If projecting images from a computer screen, then today's LCD/DLP projectors will be a video screen size, probably HDTV size today, 1920x1080 or 1280x720 pixels size. This means the projector projects a computer screen of that size. What you do is to simply prepare a good image of that size, which views properly on your same-size pixel screen. An image larger than your screen is able to show will obviously not make it "better".
PowerPoint still works in inches, from the days of printing slides to view on overhead projectors. For screen projection today, create the photo images to be the size you want to see in pixels, for example create 1920x1080 pixels to totally fill a 1920x1080 pixel screen, or maybe 960x540 pixels to fill 1/4 of that screen. Provide sufficient pixels to show it on the screen at the size you want to see, so it won't be resampled very much, especially not to be larger.
Downshifting gears, if printing transparencies for the old style over-head projectors, the considerations are about the printer instead of a computer screen. You would print that transparency in the same way you would print any image on that printer. Just print the best image you can. You would scale the image in exactly the same way you would print any image on that printer.
In either case, you may feel it is important that the projected image may be ten feet wide (about three meters). That is true, but the original is either a computer screen, perhaps 1920x1080 pixels, or perhaps it is an old printed 8x10 inch transparency. You cannot do any more than to prepare the original well, the concern is about preparing the best original you can, instead of the wall.

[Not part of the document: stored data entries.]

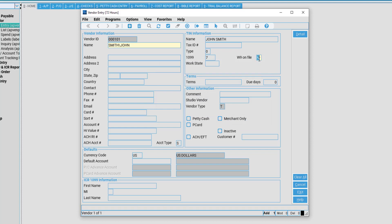W9 on file. This is used to signify whether we have the US government W9 for this vendor. If we have it, simply press Y for yes, and if we do not have it, press N for no. This is our only other required field for vendor other than name and vendor ID.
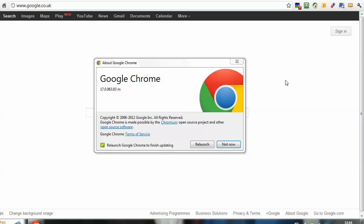When you have Chrome open, you want to go to the top right hand side and you'll see this little spanner icon. When you click on that, you'll get another menu appear with options, and you want to click on the About Google Chrome, it's towards the bottom.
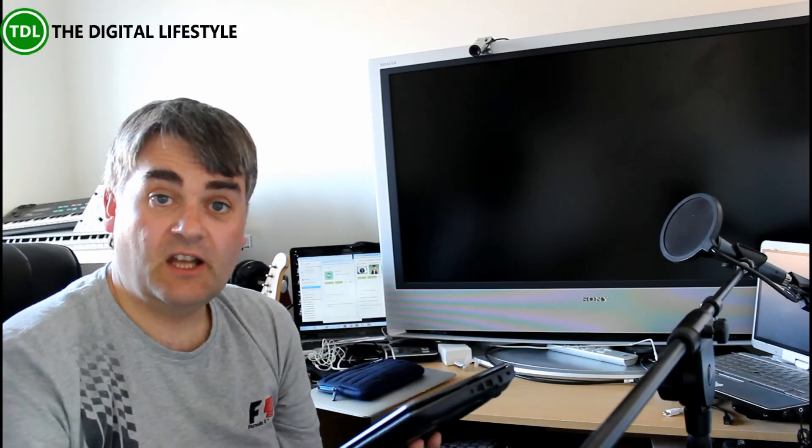Anyway, thanks for watching this video. Make sure you subscribe on our YouTube channel. More information at thedigitallifestyle.com.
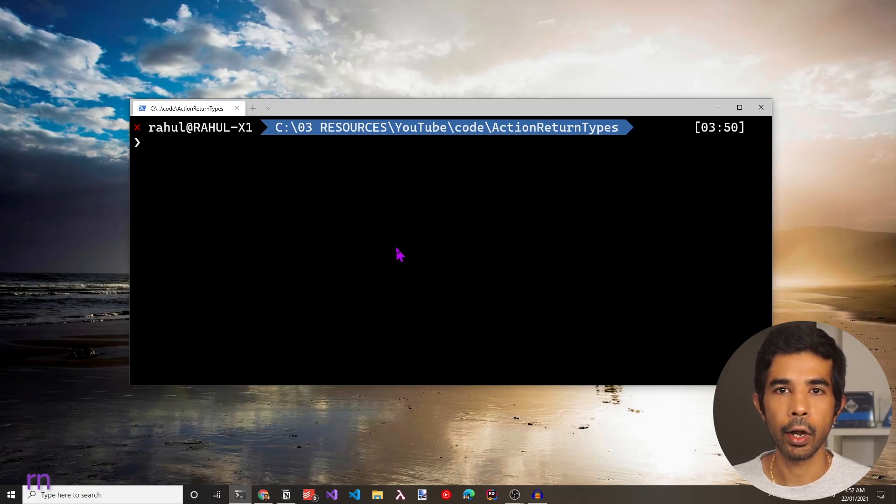Hello everyone, my name is Rahul and welcome back to my YouTube channel. Without much delay, let's head off to the console and create a .NET Web API application.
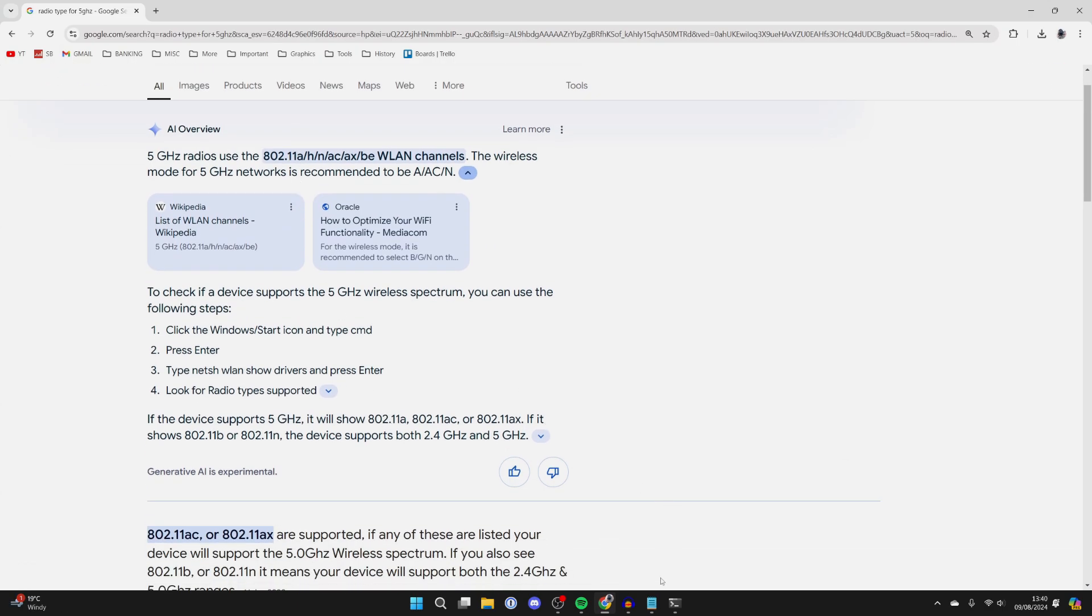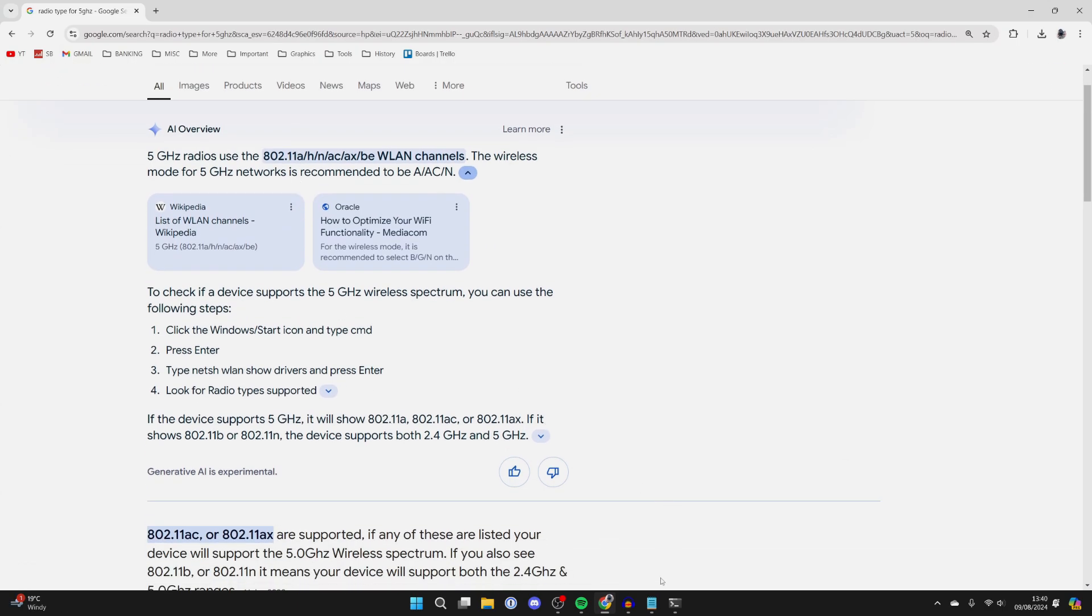Now go and see if you can see the 5G networks, as hopefully you should have enabled it. If you still can't see 5 gigahertz networks, then make sure your wireless adapter drivers are firstly installed and also up to date. You can do that in the device manager and also from the manufacturer's website. After you've installed or updated them, try restarting your computer and then hopefully 5 gigahertz networks should be visible.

However, the main rule for projection is to create images containing only big bold detail, because tiny details in that original will not show up in the rear of the viewing room. A ten foot wide image on the wall is 120 inches wide, and 1920 pixels spread over 120 inches is about 1920/120 = 16 ppi on the wall. So stand way back from the computer screen to evaluate the readability of an image to be projected. For example, viewing a one foot wide computer screen from 1/10 of the auditorium length simulates the viewing angle of a ten foot wall screen seen from the rear wall.